O dia de Isabel Cristina começa às 5h. É que para estar às 8h no trabalho ela precisa percorrer um longo caminho. Trabalhadora doméstica há mais de cinco anos, sua rotina de trabalho se estende também aos afazeres de casa. “O horário de chegar em casa é 8h30 pra 8h40 da noite. Ainda vou fazer a rotina de casa, cuidar de dois netos que eu crio – um tem 5 anos e a outra tem 7. Vou varrer casa, passar pano, fazer janta, lavar roupa. Vou dormir lá pelas 1h30/ 2h da manhã. Aí faço só fechar os olhos, amanhece e tenho a rotina de novo”, conta.
Mas os afazeres domésticos nem sempre estão na lista de trabalhos reconhecidos, mesmo quando estamos falando do trabalho doméstico formal. A categoria luta para conseguir conquistar seus direitos, mas, mesmo aqueles que já são garantidos pela lei, nem sempre são respeitados.
A professora de Direito do Trabalho, Beatriz Xavier, explica as raízes do problema. “A consolidação das Leis de Trabalho de 1943 nunca se aplicou ao trabalhador doméstico, a trabalhadora doméstica. Ela excluía já oficialmente, lá no seu texto, a incidência sobre estes trabalhadores. E a gente sabe por que não havia uma legislação em 1943 destinada a esse tipo de trabalhadores. É porque a gente tinha, e ainda tem, uma herança muito forte do período da escravidão no Brasil”.
“A primeira legislação que previu os direitos para trabalhadores e trabalhadoras domésticas é de 1972 ou 73, e ainda assim essa legislação fazia uma diferenciação de direitos. Quer dizer, os trabalhadores domésticos tinham muito menos direitos assegurados do que os trabalhadores urbanos regulares. Então provavelmente é por essa razão a demora tão grande na regulamentação dos direitos dessa categoria de trabalhadores”, complementa Beatriz.
Há cinco anos Lucivânia de Lima Vieira está como trabalhadora doméstica e fala sobre as dificuldades de ter seus direitos reconhecidos nesta profissão. “Eu acho que o empregado doméstico deveria ter mais valor, né? Igual aos outros funcionários de empresas por aí. A gente não é muito valorizado, não. É o descanso que a gente não tem, as horas extras que não são pagas”, enfatiza.
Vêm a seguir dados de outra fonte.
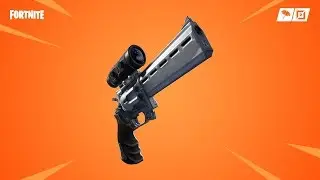 Слив скинов, кирок и т.д. в патче 7.20 Fortnite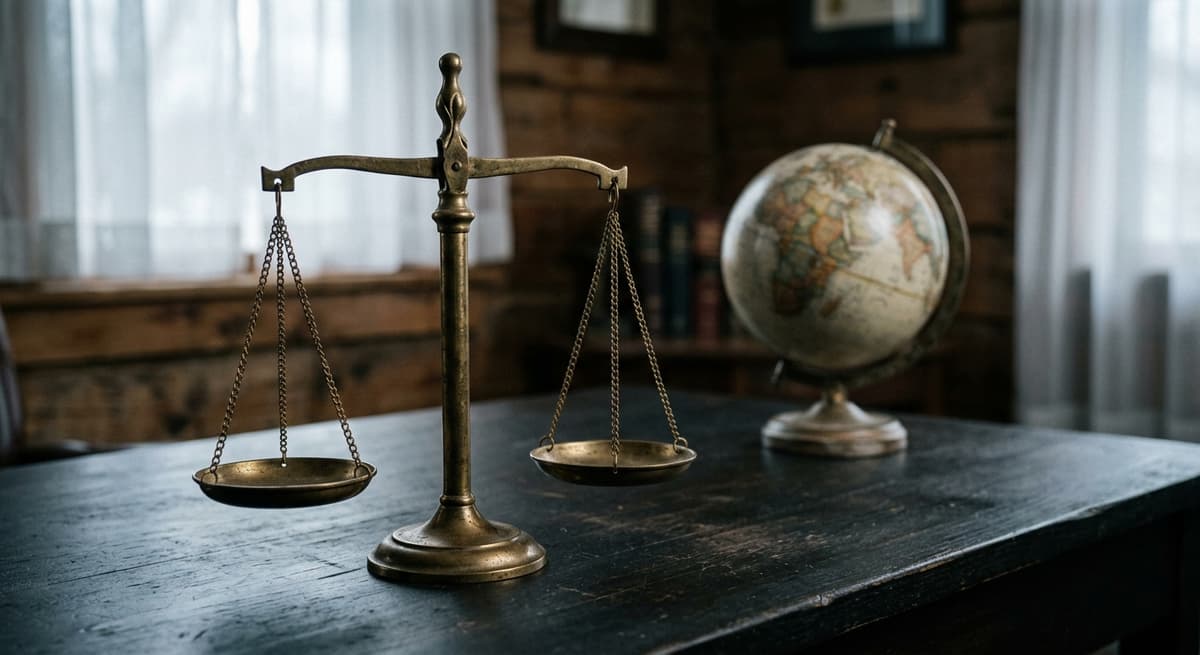 International recording law - international legal frameworks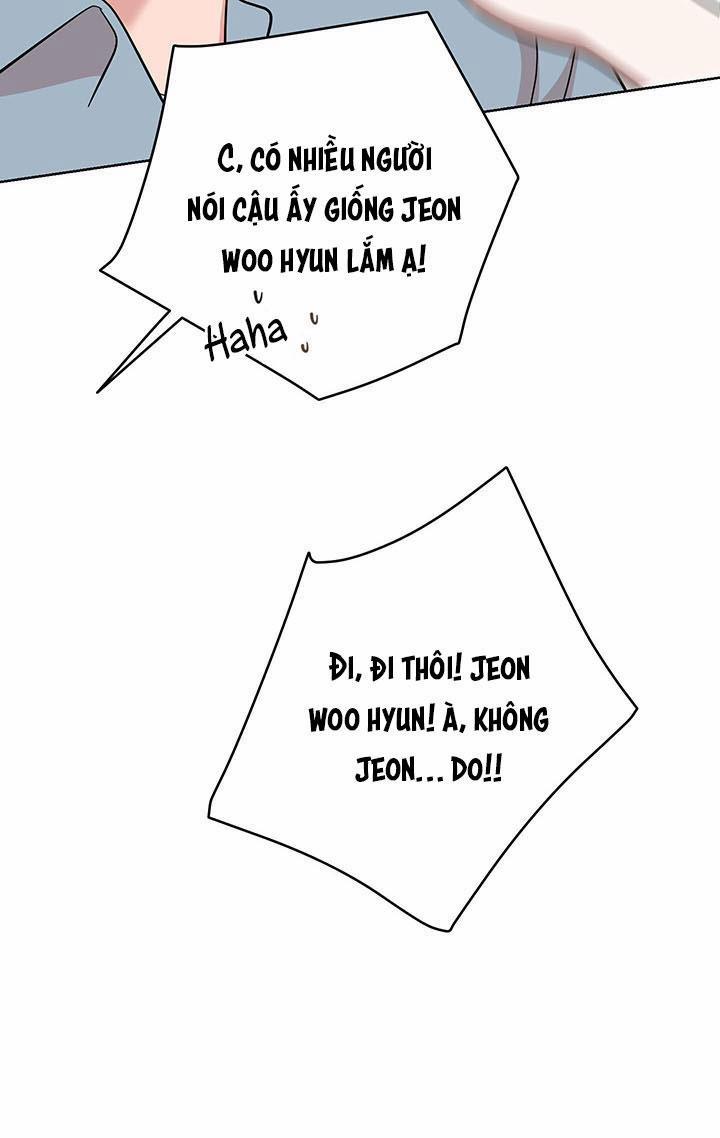 Tình Huống Không Tránh Khỏi 6 trang 39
No apartamento em que trabalha hoje, Lucivânia está como babá, mas acaba acumulando outras funções. “Quando a outra empregada não está aí eu dou uma organizada no apartamento: varro, passo o pano, lavo banheiro. Eu acho meio ruim, mas tenho obrigação de fazer”, conta.
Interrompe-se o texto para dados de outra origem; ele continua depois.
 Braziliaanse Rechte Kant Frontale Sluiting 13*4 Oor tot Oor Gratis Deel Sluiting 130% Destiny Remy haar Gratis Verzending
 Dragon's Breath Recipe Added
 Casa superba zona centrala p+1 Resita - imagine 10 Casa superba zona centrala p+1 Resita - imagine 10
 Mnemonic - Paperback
Apartamentos amplos, arejados, mas na hora de pensar o local de descanso dessas trabalhadoras, a própria arquitetura do espaço demonstra o tratamento dispensado a elas. Com 50 andares, um edifício de luxo ainda em construção na capital cearense vai contar com vaga de garagem dentro do próprio apartamento. Na planta, é possível identificar que espaço para o carro será maior do que o dedicado ao quarto de serviço. Hoje a Isabel não dorme mais no trabalho, mas sabe bem o espaço que é dedicado para quem cuida dos serviços da chamada casa de família: “Eles constroem os apartamentos muito pequeno, principalmente o quarto das empregadas domésticas. Aqui não cabe cama, não cabe rede, é uma coisa muito desorganizada e muito mal feita”, protesta.
“Eu não durmo no emprego, eu vou para casa todos os dias, mas a minha colega de trabalho dorme, e o quarto dela é bem quente, pequeno, acho que um banheiro perde, não é muito confortável pra ela não, viu?”, lamenta também Lucivânia.
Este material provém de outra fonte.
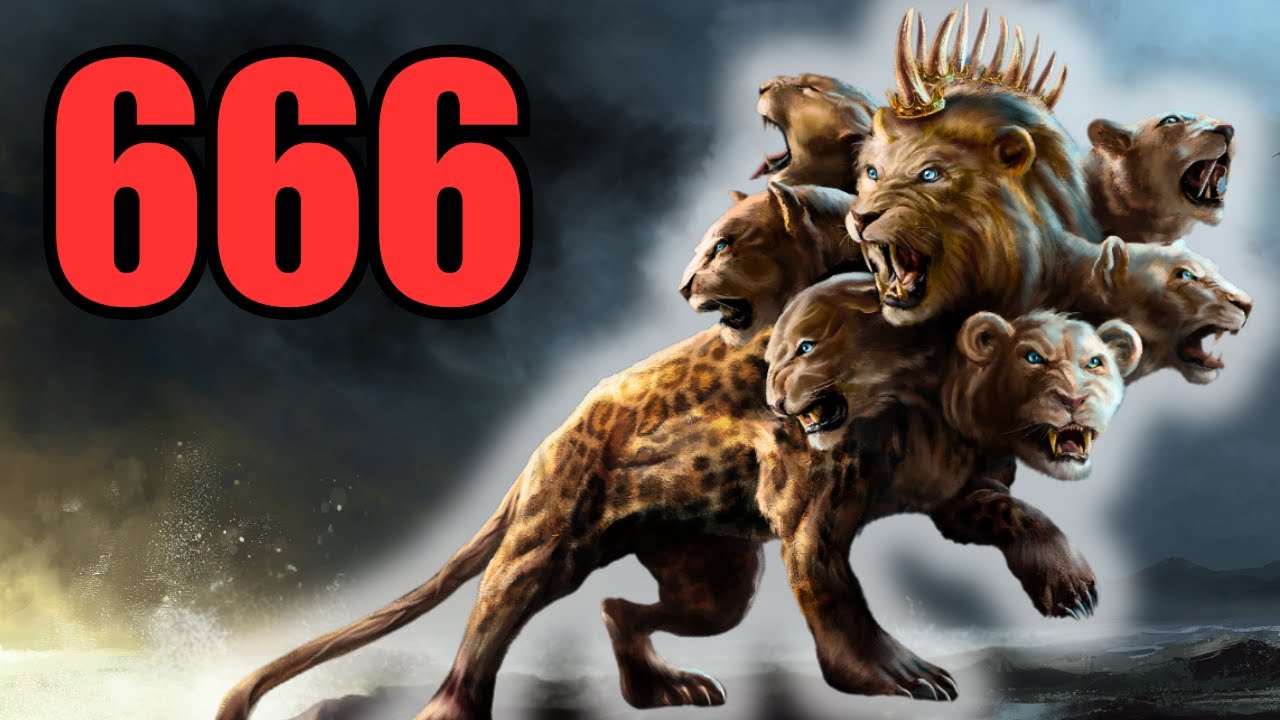 p155830 youtube thumbnail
Para a professora de Direito do Trabalho, a dinâmica de dormir no emprego pode ainda favorecer o exercício abusivo por parte do trabalhador. “Porque assim, já que ela está lá deixa eu pedir uma coisinha. Meu filho chegou às 11h da noite com fome, deixa eu pedir pra ela fazer uma comida pro meu filho. Ah, dei uma festa e tem uma sujeira aqui, vou pedir pra ela limpar tal hora. Ou então, eu acordo 6h da manhã, mas eu quero que 5h30 meu café da manhã esteja pronto. O que a legislação garante é que cumprida a jornada de trabalho, vamos supor às oito horas do dia, respeitado o intervalo para repouso e alimentação, a trabalhadora fique lá nesse ambiente que foi destinado a ela e o empregador não pode solicitar a prestação de trabalho dela. O empregador precisa garantir a essa trabalhadora doméstica um local que confira a ela um mínimo de dignidade”, defende.